More generally, the entire memory of the parent is shared with the child until
an exec()
call is made or the child exits.
Here’s what the Linux manual says about vfork()
.
(From POSIX.1) The vfork() function has the same effect as fork(2), except that the behavior is undefined if the process created by vfork() either modifies any data other than a variable of type pid_t used to store the return value from vfork(), or returns from the function in which vfork() was called, or calls any other function before successfully calling _exit(2) or one of the exec(3) family of functions.
And from the macOS/BSD system calls manual:
Many problems can occur when replacing fork(2) with vfork(). For example, it does not work to return while running in the child’s context from the pro- cedure that called vfork() since the eventual return from vfork() would then return to a no longer existent stack frame. Also, changing process state which is partially implemented in user space such as signal handlers with libthr(3) will corrupt the parent’s state.

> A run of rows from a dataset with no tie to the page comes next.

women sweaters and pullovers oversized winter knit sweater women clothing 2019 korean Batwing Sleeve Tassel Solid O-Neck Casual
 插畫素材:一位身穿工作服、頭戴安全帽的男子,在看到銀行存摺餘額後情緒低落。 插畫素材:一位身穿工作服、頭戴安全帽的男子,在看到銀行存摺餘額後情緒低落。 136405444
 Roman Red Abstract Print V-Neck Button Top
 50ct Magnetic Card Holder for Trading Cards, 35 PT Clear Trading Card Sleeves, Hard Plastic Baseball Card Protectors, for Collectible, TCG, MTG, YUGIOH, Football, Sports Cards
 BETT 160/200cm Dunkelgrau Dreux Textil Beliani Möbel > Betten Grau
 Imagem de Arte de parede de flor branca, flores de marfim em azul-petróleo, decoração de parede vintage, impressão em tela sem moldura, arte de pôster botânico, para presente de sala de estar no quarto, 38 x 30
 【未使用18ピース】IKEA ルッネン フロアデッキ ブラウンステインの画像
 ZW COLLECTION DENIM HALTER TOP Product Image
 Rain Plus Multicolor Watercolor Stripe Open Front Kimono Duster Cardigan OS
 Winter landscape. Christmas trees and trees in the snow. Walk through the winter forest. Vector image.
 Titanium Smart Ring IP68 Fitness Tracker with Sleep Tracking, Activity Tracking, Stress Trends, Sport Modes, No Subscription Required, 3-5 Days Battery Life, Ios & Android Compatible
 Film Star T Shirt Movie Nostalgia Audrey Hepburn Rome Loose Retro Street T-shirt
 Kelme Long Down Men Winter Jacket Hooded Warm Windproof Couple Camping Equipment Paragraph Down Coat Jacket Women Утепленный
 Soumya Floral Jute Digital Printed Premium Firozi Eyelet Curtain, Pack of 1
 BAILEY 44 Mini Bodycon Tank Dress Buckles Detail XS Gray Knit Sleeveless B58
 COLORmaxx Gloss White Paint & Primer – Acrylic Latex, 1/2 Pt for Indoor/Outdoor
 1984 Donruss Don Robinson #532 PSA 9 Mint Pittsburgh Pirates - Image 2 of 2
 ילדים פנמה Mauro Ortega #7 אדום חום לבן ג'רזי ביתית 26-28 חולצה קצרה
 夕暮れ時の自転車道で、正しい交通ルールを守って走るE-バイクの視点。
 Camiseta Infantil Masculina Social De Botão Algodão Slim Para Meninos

Be careful, also, to call _exit(2) rather than exit(3) if you cannot execve(2), since exit(3) will flush and close standard I/O channels, and thereby mess up the parent processes standard I/O data structures. (Even with fork(2) it is wrong to call exit(3) since buffered data would then be flushed twice.)
You cannot blindly replace calls to fork()
with vfork()
.
fork()
has multiple use cases, but vfork()
has only one: when you want to
call the exec()
family of functions after vfork()
. That is, when you want to
launch another program.
And be careful what you do in the child process before calling exec()
. As
we’ve seen above, anything that modifies memory is unsafe. So is calling any
function that is not
async-signal-safe.
An interesting consequence of all this is that while calling dup2()
(to
redirect stdin/out) between vfork()
and exec()
is safe, if the call to
dup2()
itself fails, there is no easy way to signal to the user what went
wrong. That is because all of stdio is NOT async-signal-safe.
All said and done – just stick to fork()
. Sure, fork()
has its problems and
caveats, especially when you throw threads into the mix, but it is almost always
the better choice when compared to vfork()
. Use vfork()
only when you truly
need its performance benefits, and understand its problems well.